Die Hochachtung vor dem Experiment ist ungeschmälert trotz der nun folgenden kritischen Betrachtung. Denn was wäre ein Experiment wenn es unbeachtet bliebe. Ich beschränke mich auf drei Punkte die für jeden zukünftigen Zuschauer interessant sein dürften. Es wird im Verlauf des Stücks ein Etagenbett aufgebaut. Dagegen ist im Grunde nichts einzuwenden. Wie es allerdings aufgebaut wird ist nicht gelungen. Theater wird sinnlos wenn nicht mehr erzählt wird als uns das Leben in Echtzeit bietet. Selbst „Warten auf Godot“ ist mit vier Stunden-Inszenierungen schon extrem zeitlich verdichtet. Wenn sich die Probleme des Aufbauens im Verhältnis 1 zu 1 dann auch noch wiederholen sackt das Interesse verständlich ab. Das wäre Angesichts der Schauspielerin nicht nötig gewesen. Zweitens: Es mag ja gerade im Trend liegen im Theater möglichst keine Geschichten zu erzählen, sondern Brocken und Fragmente vorzustellen, aber dennoch will der Zuschauer wissen um was es geht. Leider liegen die zu vielen und undeutlichen Textfragmente wie ein wirrer Puzzelteilehaufen auf der Bühne.
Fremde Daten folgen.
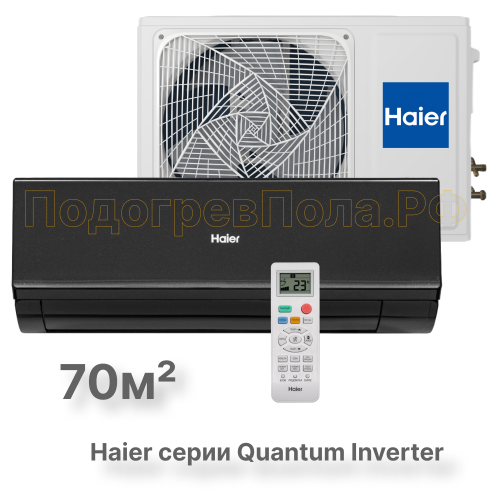 Кондиционер инверторный Haier AS70HQJ1HRA-B/1U70HQJ1FRA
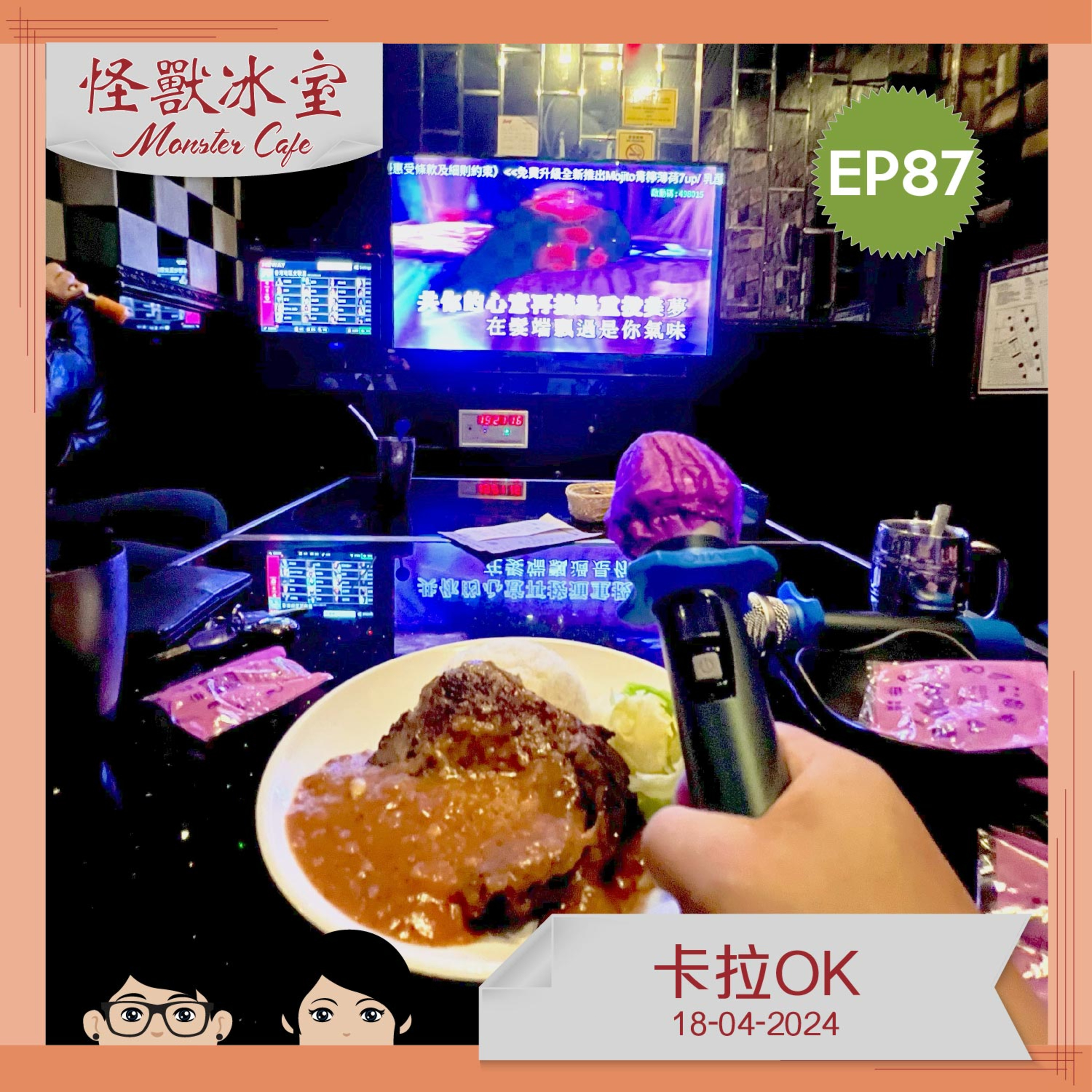 【生活】EP87 - 卡拉OK episode artwork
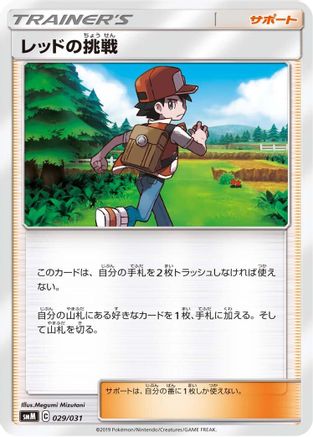 Misty's Cerulean City Gym (029/031) - smK Trainer Battle Decks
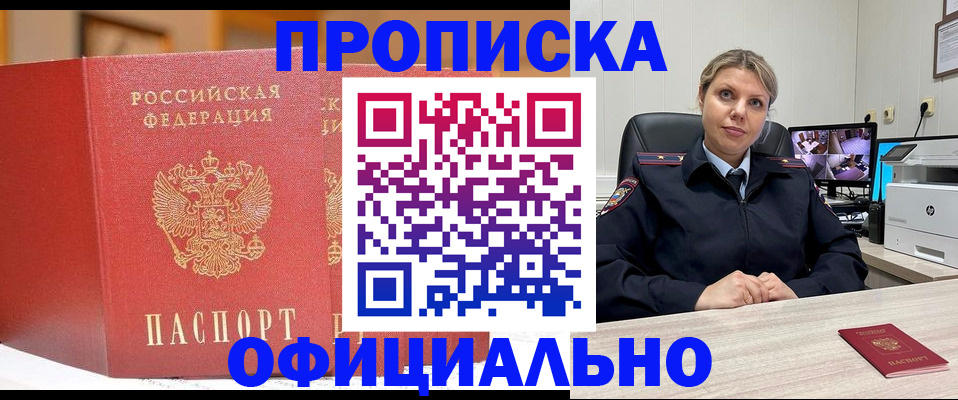 временная регистрация гарантия в Горняке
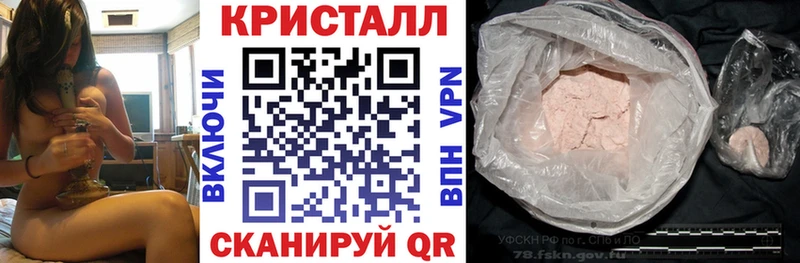 Амфетамин 97%  блэк спрут как войти  Корсаков 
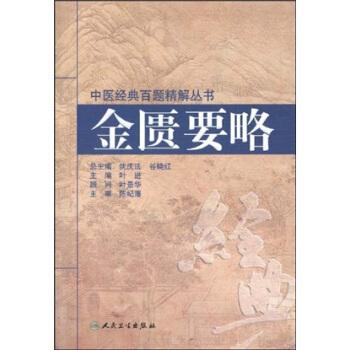 武当太极剑精解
Man muss sich die Geschichte selber zusammenbauen und hoffen das es so stimmt. Das limitiert die Aufmerksamkeit und das Interesse für andere Momente, bezaubernde noch dazu. Und letztendlich ist neben der Mimik von Ramona Suresh die Kommunikation durch Körper zu vage gehalten, sie nimmt einen zu geringen Raum ein und ihr fehlt der Biss poetischer Klarheit. Dem Experiment wäre eine tiefere Kenntnis von Kommunikationsformen sicher besser bekommen und so weniger Pädagogik. Aber Lisa Weiss hatte den Mut, und vielleicht können wir ihre Erkenntnisse aus diesem Versuch in einer weiteren Inszenierung sehen.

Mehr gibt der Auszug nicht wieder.